▶ _What is needed_: Every line in the data below from the one containing "Toyota Yaris 1.5" down to the one containing "Vintage Citizen Two", both included, must be retyped exactly; no other line is to appear.

▶ _Given records_:
▼▼▼

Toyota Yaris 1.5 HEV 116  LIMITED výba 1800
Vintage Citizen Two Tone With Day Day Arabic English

▲▲▲
▼▼▼

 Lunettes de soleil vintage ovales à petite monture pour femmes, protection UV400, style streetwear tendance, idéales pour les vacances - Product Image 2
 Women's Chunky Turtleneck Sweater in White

▲▲▲

▶ _Task response_:
Toyota Yaris 1.5 HEV 116  LIMITED výba 1800
Vintage Citizen Two Tone With Day Day Arabic English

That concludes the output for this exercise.